TASK BRIEF -> Repeat the data in full and exactly. Leave the pictures out.
MATERIAL FOR THIS EXERCISE Start Marker
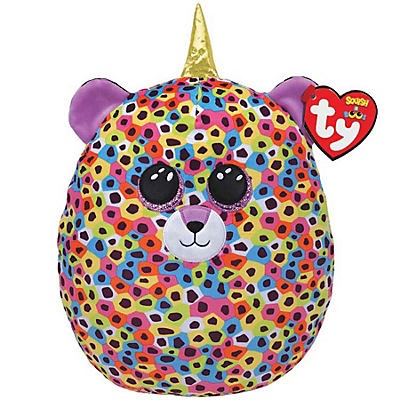 slide 1 of 1, TY Giselle - Multicolor UniLeopard Squish A Boos Plush, 14 in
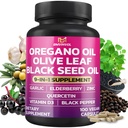 BMVINVOL Oregano hvitløk oliven blad svart frø + 5 Mer - Immun støtte og digestiv helse supplement for kvinner og menn - 100 kapsler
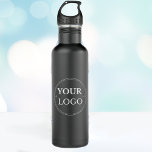Business Logo Modern Professional Branded  710 Ml Water Bottle<br><div class="desc">Effectively brand and grow your business by adding your corporate business logo to this matte black stainless steel water bottle. This is eco friendly company swag your employees,  customers and clients will appreciate. Easy to customise logo and text. Get yours today!</div>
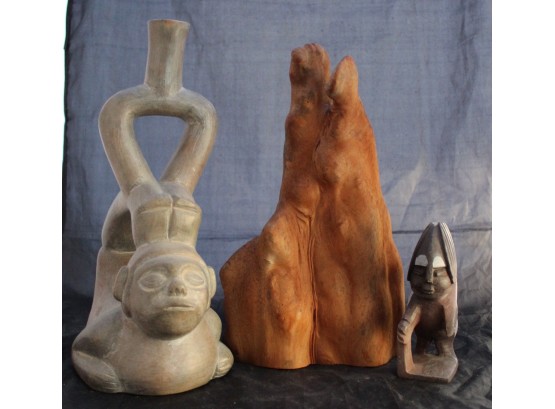 Ceramic Statue Made In Peru, 2 Wood Figurines (163)
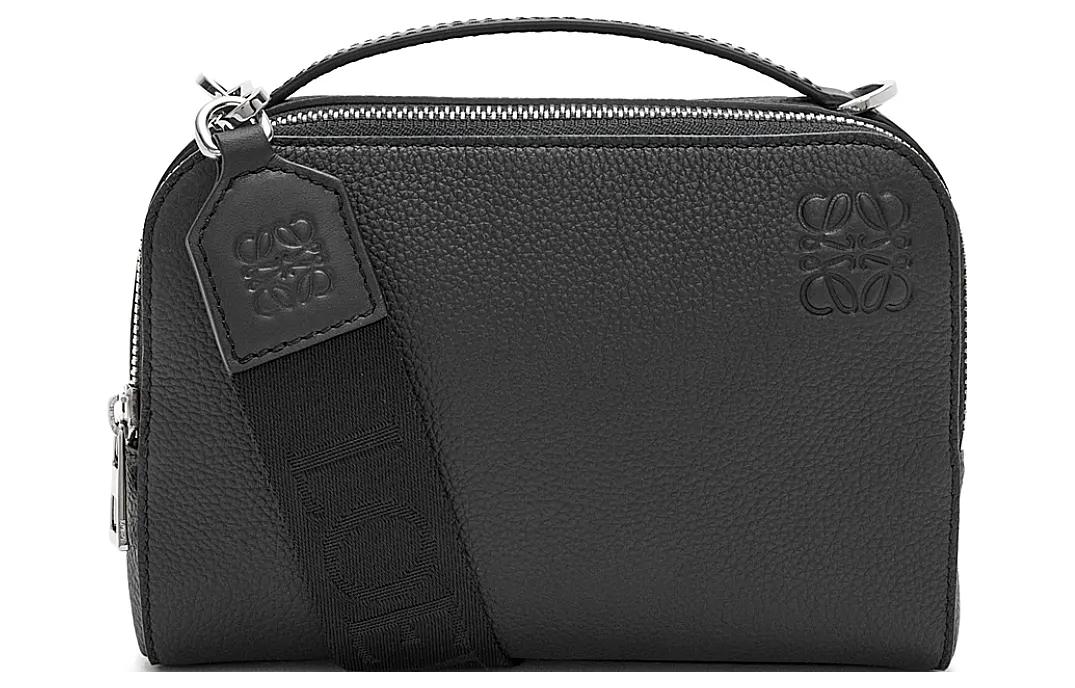 LOEWE Soft Grain Cow Leather Camera Bag, Crossbody Bag Mini Men's Black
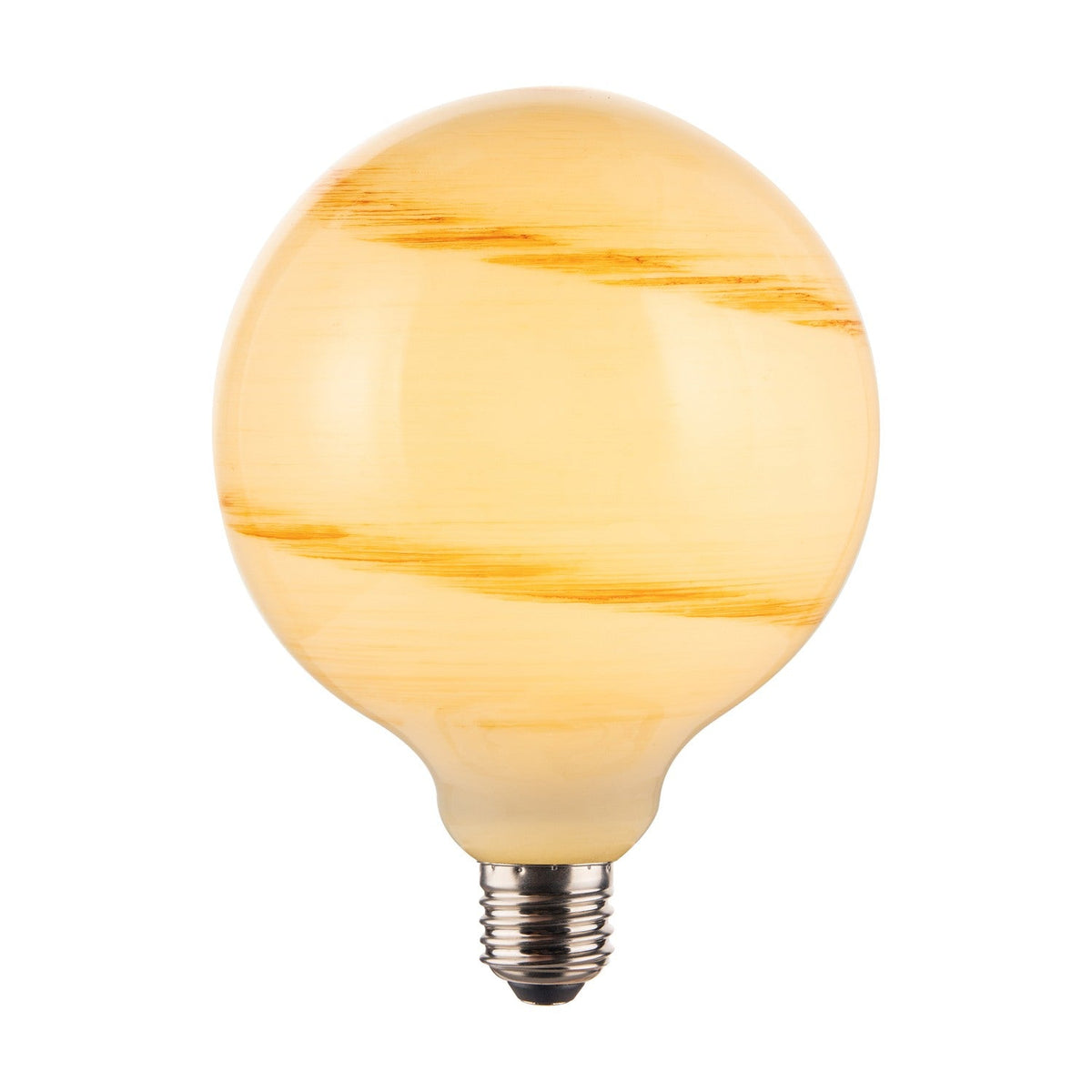 Stockholm 7W Bulb in marble brown glass, a large round E27 globe with cream and amber marbled streaks and a silver screw cap, shown on a plain white background.
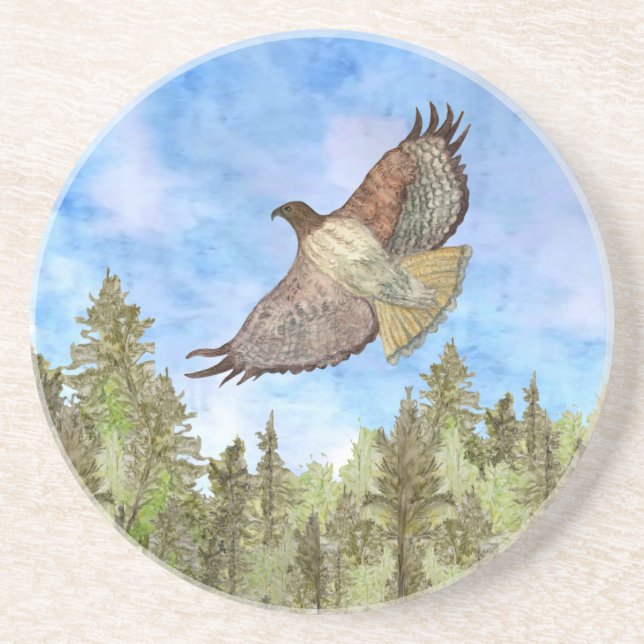 Porta copos de Sandstone Hawk Bird, de cauda verme (Frente)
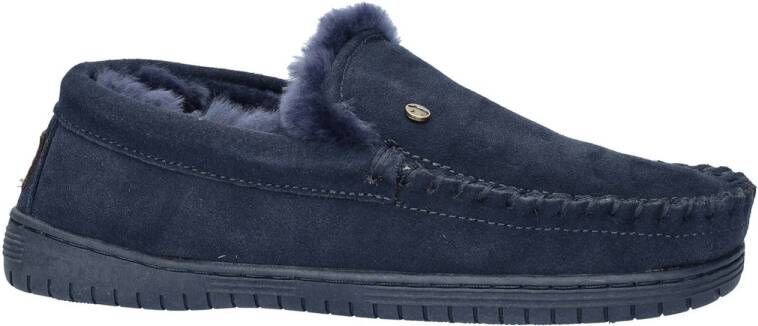 Warmbat Australia Grizzly suède pantoffels donkerblauw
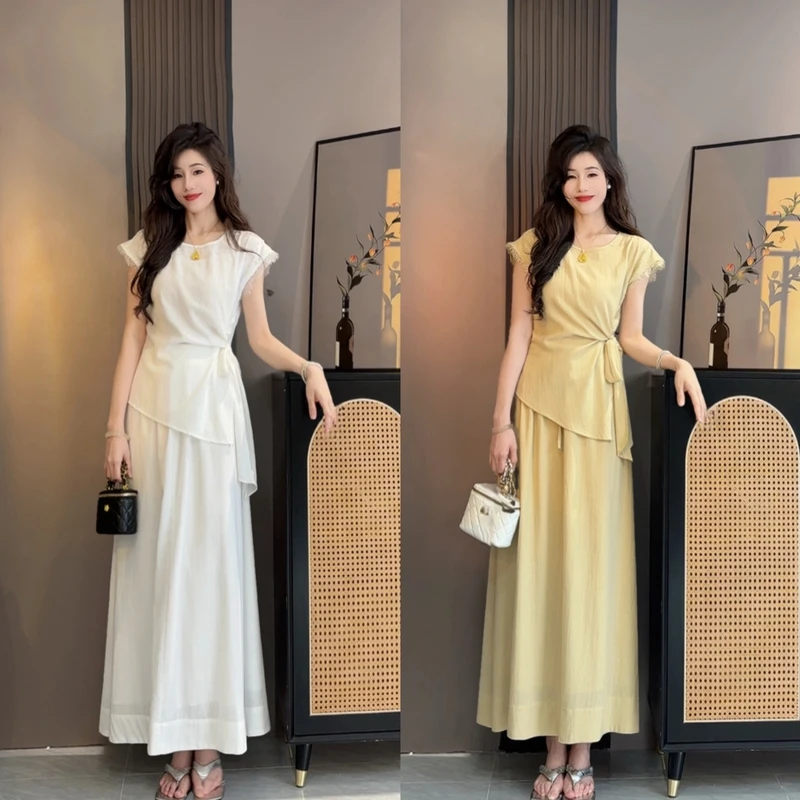 减龄休闲套装气质复古时尚轻熟风宽松夏季短袖上衣半身裙两件套
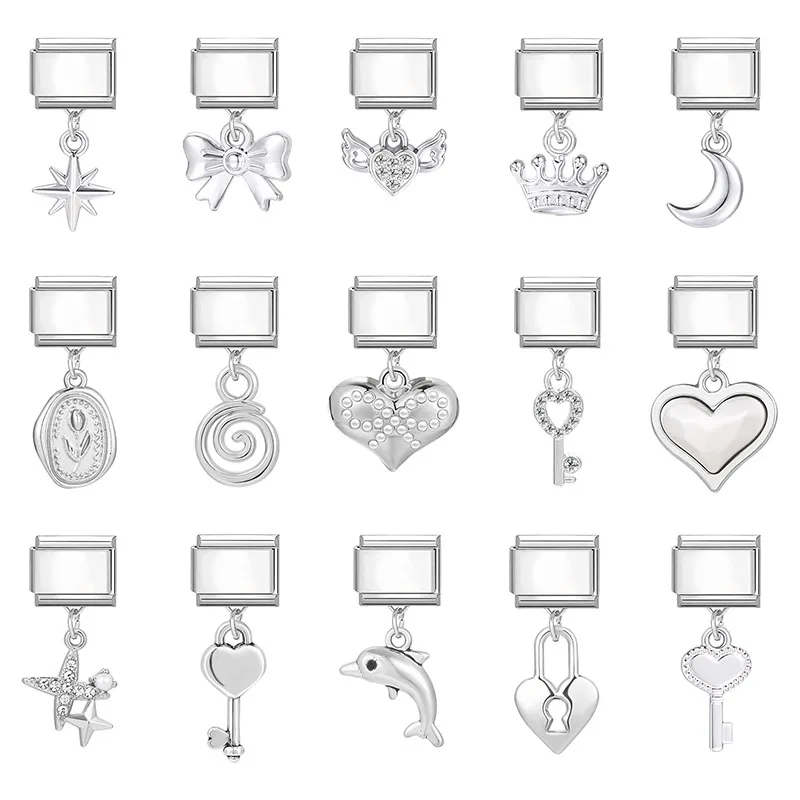2025 New Original Luxury Zircon Love Heart Moon Stars Bows Italian Charm Links Fit 9mm Bracelet Stainless Steel Jewelry Making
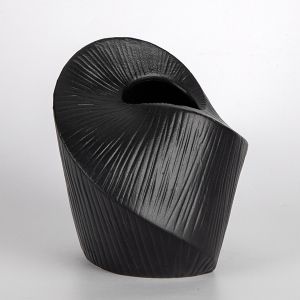 Ceramic vase black 15.1x12.6x15.2cm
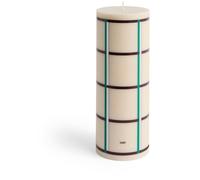 HAY - Column Pillar Candle Large, Green / Off-white / Silver / Bordeaux - Green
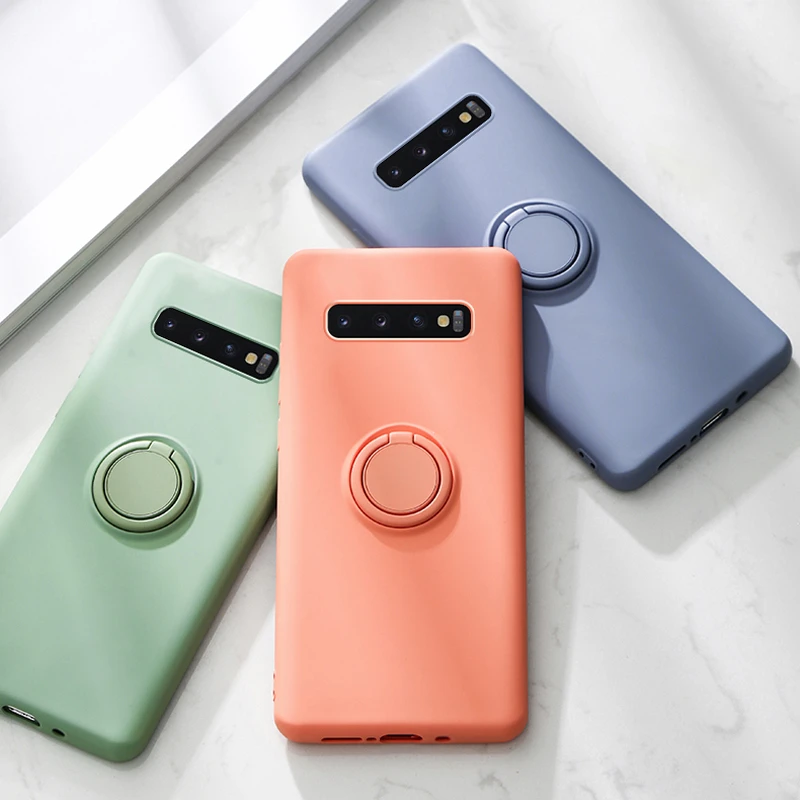 

Ring Silicone Cover,Case For Samsung Galaxy S10 Plus S9 S8 Plus S10E E Phone Stand Covers For Samsung S10Plus Case S9Plus S8Plus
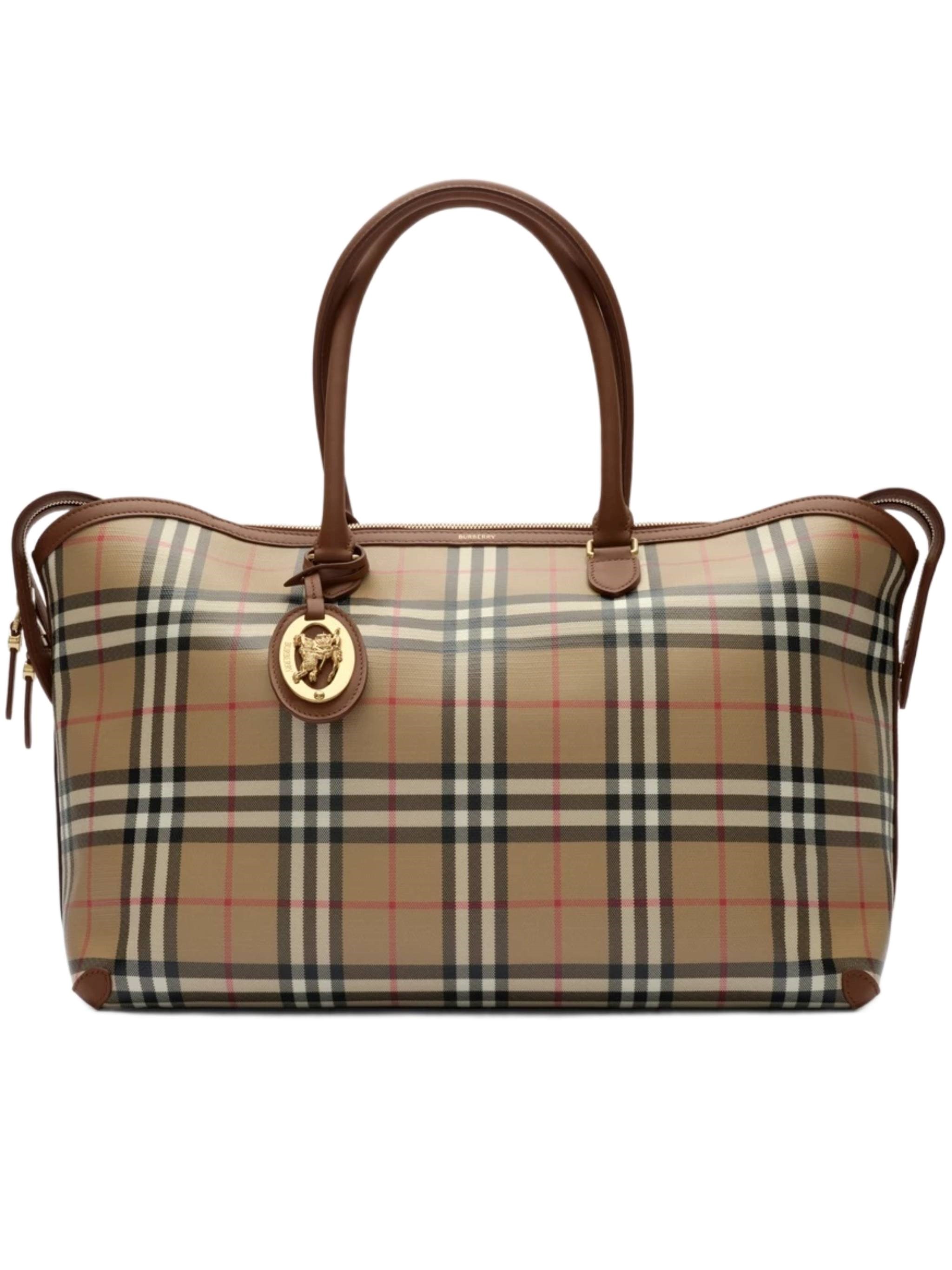 Burberry BURBERRY Burberry Medium Check Tote Bag With Zipper　BURBERRY バーバリー ジッパー付きミディアムチェックトートバッグ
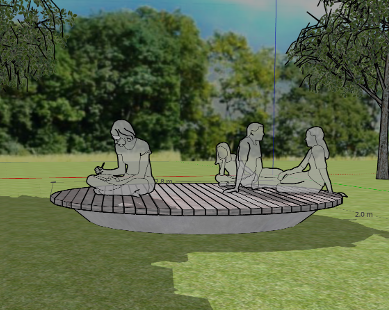 Digital rendering of three people sitting and lying on a circular wooden platform outdoors with trees in the background.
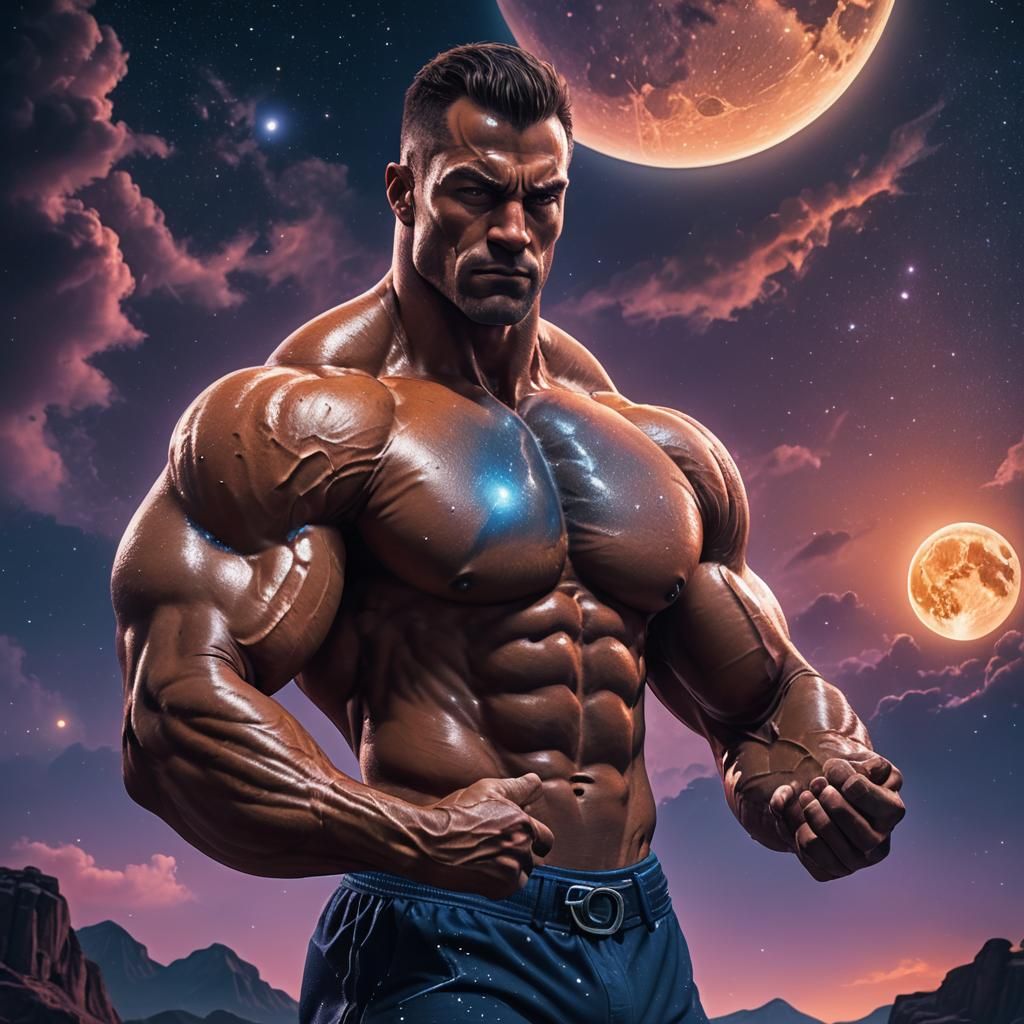 Bodybuilder Holds Glowing Moon in Hand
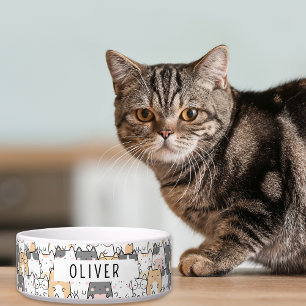 Grappige katten Aangepaste naam Voerbakje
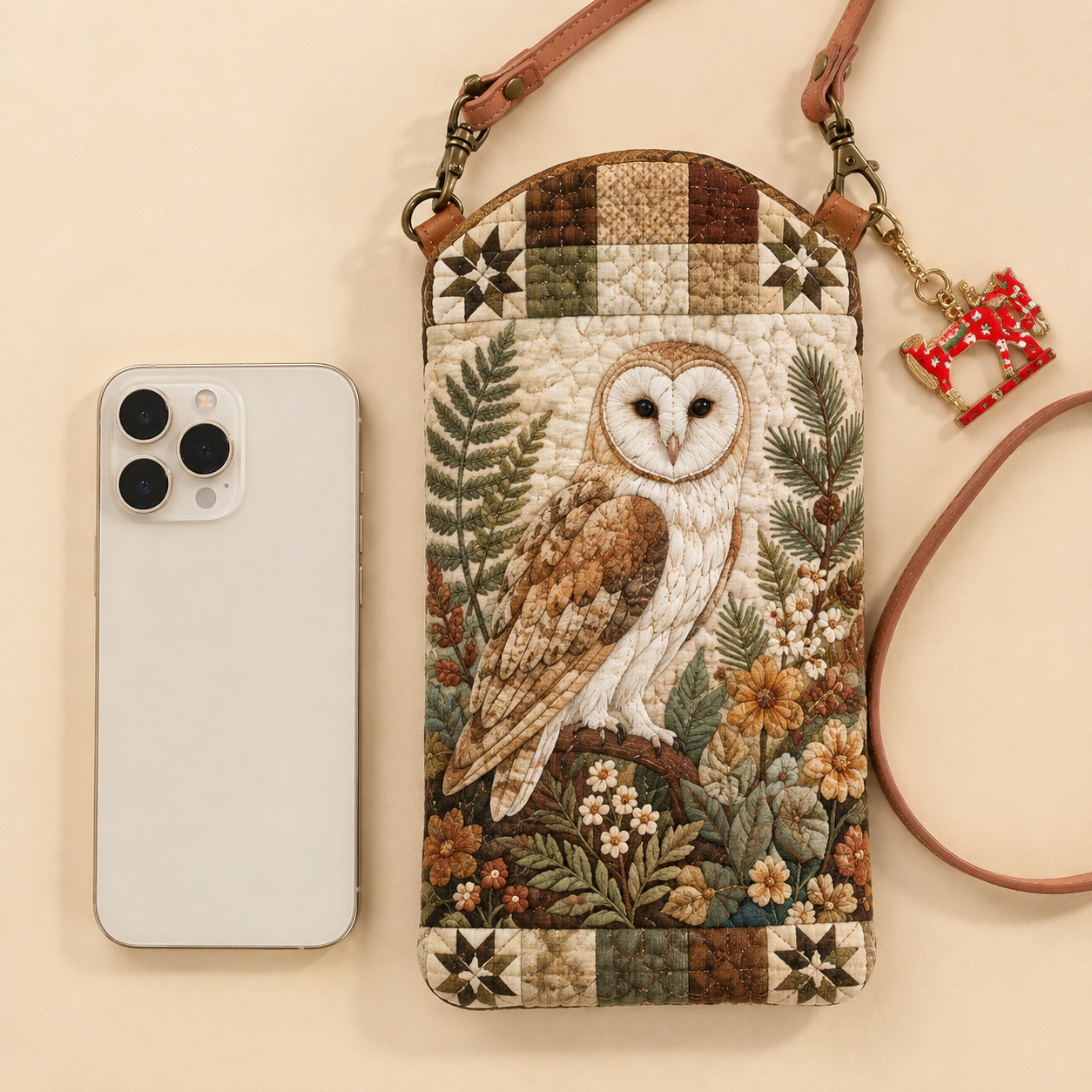 Forest Owl Floral Embroidery Quilted Slim Phone Crossbody Bag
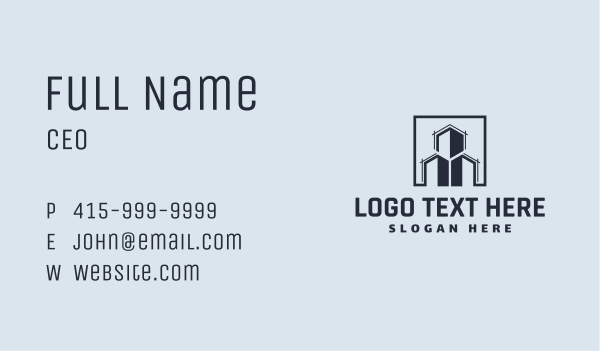 Professional Real Estate Building Business Card Design Image Preview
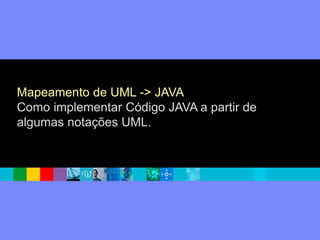 Mapeamento de UML -> JAVA
Como implementar Código JAVA a partir de
algumas notações UML.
MATERIAL FOR THIS EXERCISE End Marker
ANSWER ->
 slide 1 of 1, TY Giselle - Multicolor UniLeopard Squish A Boos Plush, 14 in
 BMVINVOL Oregano hvitløk oliven blad svart frø + 5 Mer - Immun støtte og digestiv helse supplement for kvinner og menn - 100 kapsler
Business Logo Modern Professional Branded  710 Ml Water Bottle<br><div class="desc">Effectively brand and grow your business by adding your corporate business logo to this matte black stainless steel water bottle. This is eco friendly company swag your employees,  customers and clients will appreciate. Easy to customise logo and text. Get yours today!</div>
 Ceramic Statue Made In Peru, 2 Wood Figurines (163)
 LOEWE Soft Grain Cow Leather Camera Bag, Crossbody Bag Mini Men's Black
 Stockholm 7W Bulb in marble brown glass, a large round E27 globe with cream and amber marbled streaks and a silver screw cap, shown on a plain white background.
 Porta copos de Sandstone Hawk Bird, de cauda verme (Frente)
 Warmbat Australia Grizzly suède pantoffels donkerblauw
 减龄休闲套装气质复古时尚轻熟风宽松夏季短袖上衣半身裙两件套
2025 New Original Luxury Zircon Love Heart Moon Stars Bows Italian Charm Links Fit 9mm Bracelet Stainless Steel Jewelry Making
 Ceramic vase black 15.1x12.6x15.2cm
 HAY - Column Pillar Candle Large, Green / Off-white / Silver / Bordeaux - Green

Ring Silicone Cover,Case For Samsung Galaxy S10 Plus S9 S8 Plus S10E E Phone Stand Covers For Samsung S10Plus Case S9Plus S8Plus
 Burberry BURBERRY Burberry Medium Check Tote Bag With Zipper　BURBERRY バーバリー ジッパー付きミディアムチェックトートバッグ
 Digital rendering of three people sitting and lying on a circular wooden platform outdoors with trees in the background.
 Bodybuilder Holds Glowing Moon in Hand
 Grappige katten Aangepaste naam Voerbakje
 Forest Owl Floral Embroidery Quilted Slim Phone Crossbody Bag
 Professional Real Estate Building Business Card Design Image Preview
 Mapeamento de UML -> JAVA
Como implementar Código JAVA a partir de
algumas notações UML.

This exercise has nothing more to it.